Ahora que todos los aparatos eléctricos están fuera de funcionamiento, recuerdo a mi abuelo, nos obligaba a ir a mis primos y a mí a misa, de esas que son en la noche, justo en semana santa, ahí, recuerdo que siempre llevaba una veladora y un cirio gigante, siempre el mismo cirio y siempre las mismas tres veladoras, una para cada nieto. Él decía que teníamos que llevarlas a bendecir porque el día final se encontraba cerca, y que habría un gran apagón que nos dejaría a todos en la obscuridad absoluta. Aún no logro recordar en dónde dejé esa veladora.
Esa historia es muy común escucharla, pero al primero que se la oí fue a mi abuelo, él era un personaje gustoso de inventar todo tipo de sucesos que iban desde lo real hasta la ficción. Fue uno de esos personajes que se vuelven historiadores por leer tantos libros, y yo, por el afán del viejo de contar cosas pude aprender datos sin sentido, como que en 1825 se iniciaron los viajes de ferrocarril, que en 1880 se patentó el foco, o que en 1868 se usó por primera vez el semáforo de forma manual.
Toda esa información mi abuelo la contaba a través de historias que rayaban en lo irreal, la que tengo en la memoria más presente es el inicio del uso del semáforo. Mi abuelo comenzaba contando que, en aquel año de 1868 en Europa, siempre había un policía bajo aquella señal de control de tráfico y él era quien hacía cambiar la luz de roja a verde por las noches, y durante el día eran dos brazos mecánicos como los de señalética de tren que subían y bajaban según el policía los moviera.
En México, continuaba el viejo, el primer señalamiento mecánico llegó hasta 1930, tardó bastante pues en el país no había carros con motor, sino carretas.
A mediados de ese mismo año, aves pequeñas como el Gorrión Común o el Mirlo Primavera, habían encontrado un buen lugar en los semáforos para crear sus nidos, pasar la tarde y dormir. Pronto se observaron los semáforos revestidos de desechos de aves, eran una plaga en potencia, los oficiales encargados de hacer los cambios en los semáforos, también tenían que ahuyentar a las aves. El problema con estos pequeños animales no duró más que dos años, dejaron de ensuciar esos artefactos, así sin motivo.

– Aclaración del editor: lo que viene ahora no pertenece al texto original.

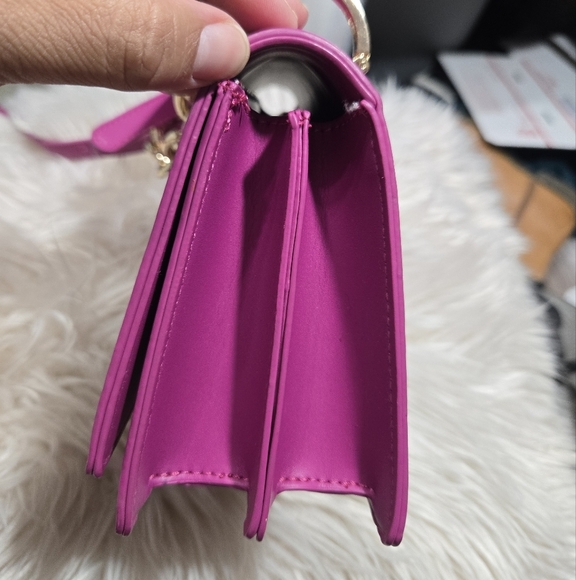 Urban Expressions Magenta Purse Crossbody/handbag Like New - Picture 9 of 16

Mi abuelo decía que sabía de buena fuente que existía un tratado, incluso decía el nombre Tratado Palomo – Rubio. Mi abuelo siempre tuvo cautela en dar siempre los mismos detalles, a veces más minuciosos, otras veces menos. Se los ha de haber aprendido de memoria, pues como cualquier gente mayor, él contaba la misma historia a las mismas personas más de una vez. No era para contarla a su interlocutor, sino era para contársela a él mismo, y así no se le olvidara.

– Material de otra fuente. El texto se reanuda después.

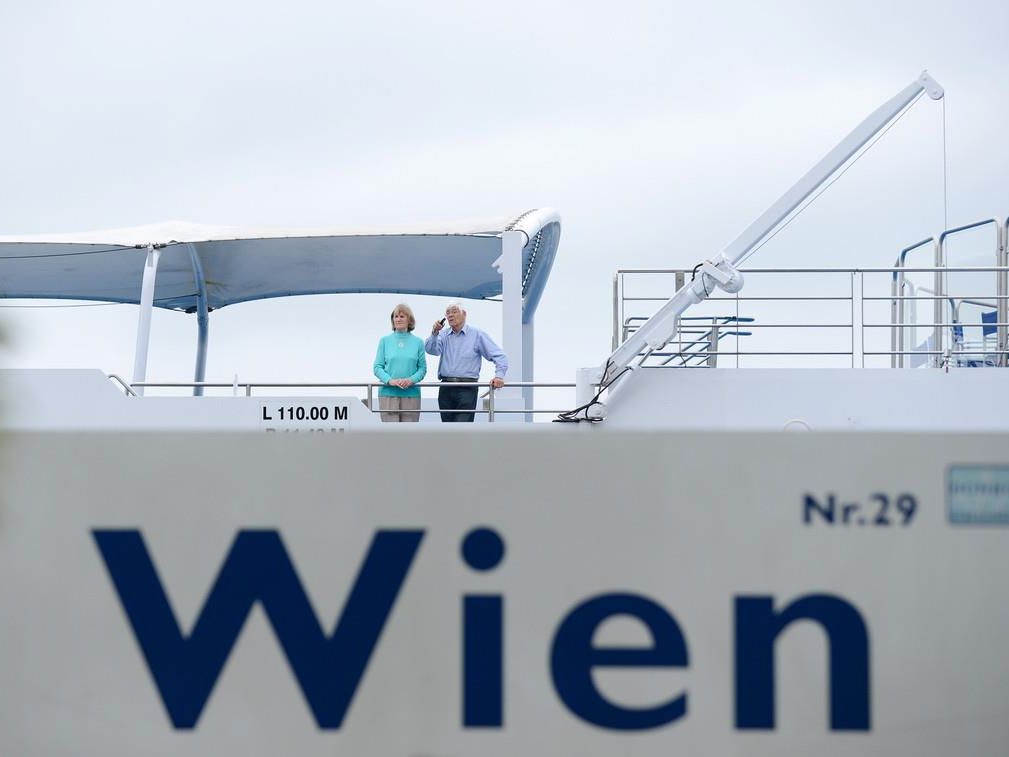 Hochwasser - Passagiere verlassen gestrandetes Donau-Kreuzfahrtschiff Hochwasser - Passagiere verlassen gestrandetes Donau-Kreuzfahrtschiff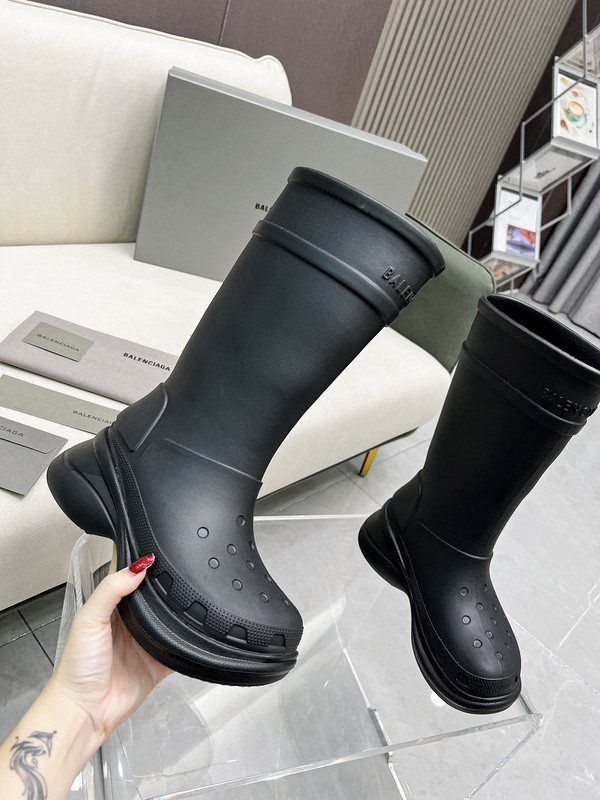 Ba*len*cia*ga boots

El tratado, hablaba sobre los derechos y obligaciones que adquirían las aves posadas en los semáforos a partir de 1932. Había puntos como no ensuciar las señaléticas donde vivían pues tendían a descomponerse por el exceso de desechos – mi abuelo me preguntaba ¿acaso has visto un semáforo sucio? – otro punto del tratado era que las aves serían las encargadas de hacer los cambios de luces en los semáforos, esto a cambio de no ser molestadas en esos postes y una repartición constante de semillas en cada señalética. Este tratado en 2002 tuvo su primer y única modificación, algunos dicen que esta modificación fue pensada por las mismas aves, quienes crearon en México los primeros semáforos para débiles visuales. La modificación del tratado obligaba que existiera en cada avenida principal un Mirlo dentro de un semáforo, y que este silbara cada que el semáforo para automóviles se encontrara en rojo, para que así la gente que tenía dificultades para ver supiera que era seguro pasar.
El viejo dejó de contarme esas historias cuando yo iba en secundaria, mis padres le decían que dejara eso, que iba a meterme en un problema en la escuela por andar creyendo esas historias. Afortunadamente nunca cometí la imprudencia de contradecir a un maestro con algún cuento de mi abuelo, aunque ahora lo recuerdo a él y sus relatos. No hay electricidad en la ciudad, las aves, como teniendo un mal presagio, decidieron huir, se escucharon miles de silbidos, cantos en bullicio que más que tranquilizarnos nos erizaron la piel. Inmediatamente, los semáforos dejaron de funcionar, y dos días más tarde sufrimos el gran apagón.